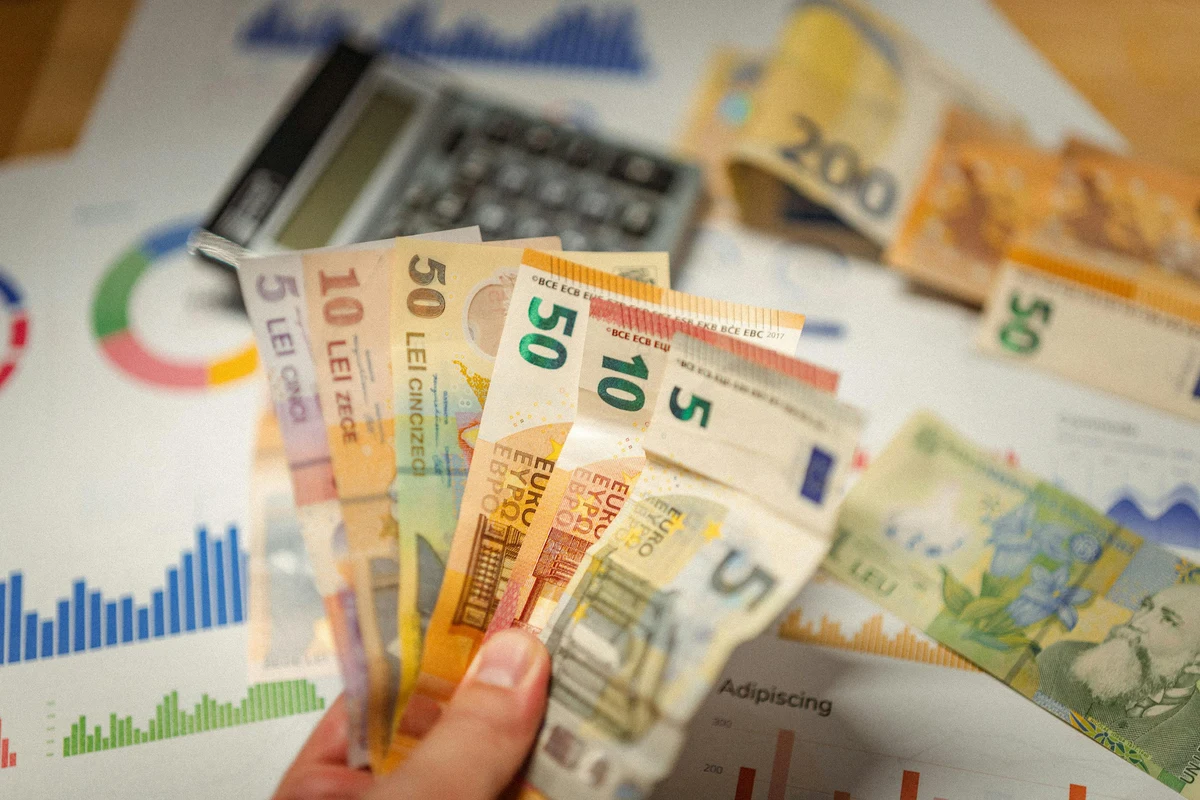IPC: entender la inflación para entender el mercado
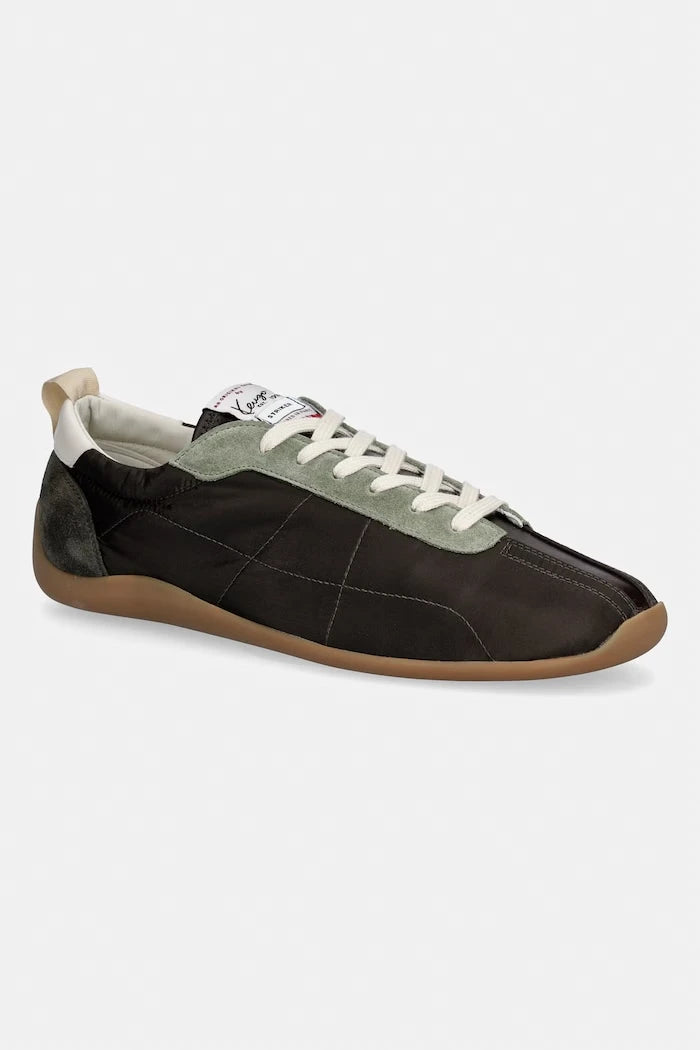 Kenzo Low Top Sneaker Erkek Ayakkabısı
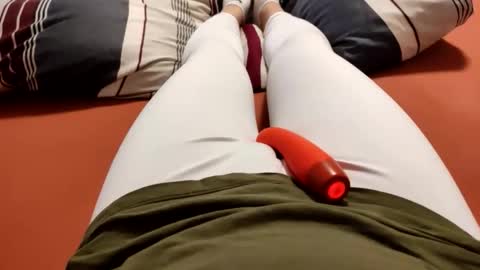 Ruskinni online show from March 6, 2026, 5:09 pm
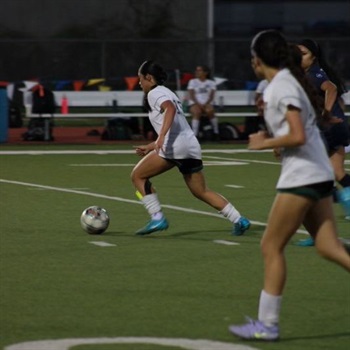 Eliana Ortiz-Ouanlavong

──────

Retype the data above in full, exactly as it stands, and skip any image.

IPC: entender la inflación para entender el mercado
 Kenzo Low Top Sneaker Erkek Ayakkabısı
 Ruskinni online show from March 6, 2026, 5:09 pm
 Eliana Ortiz-Ouanlavong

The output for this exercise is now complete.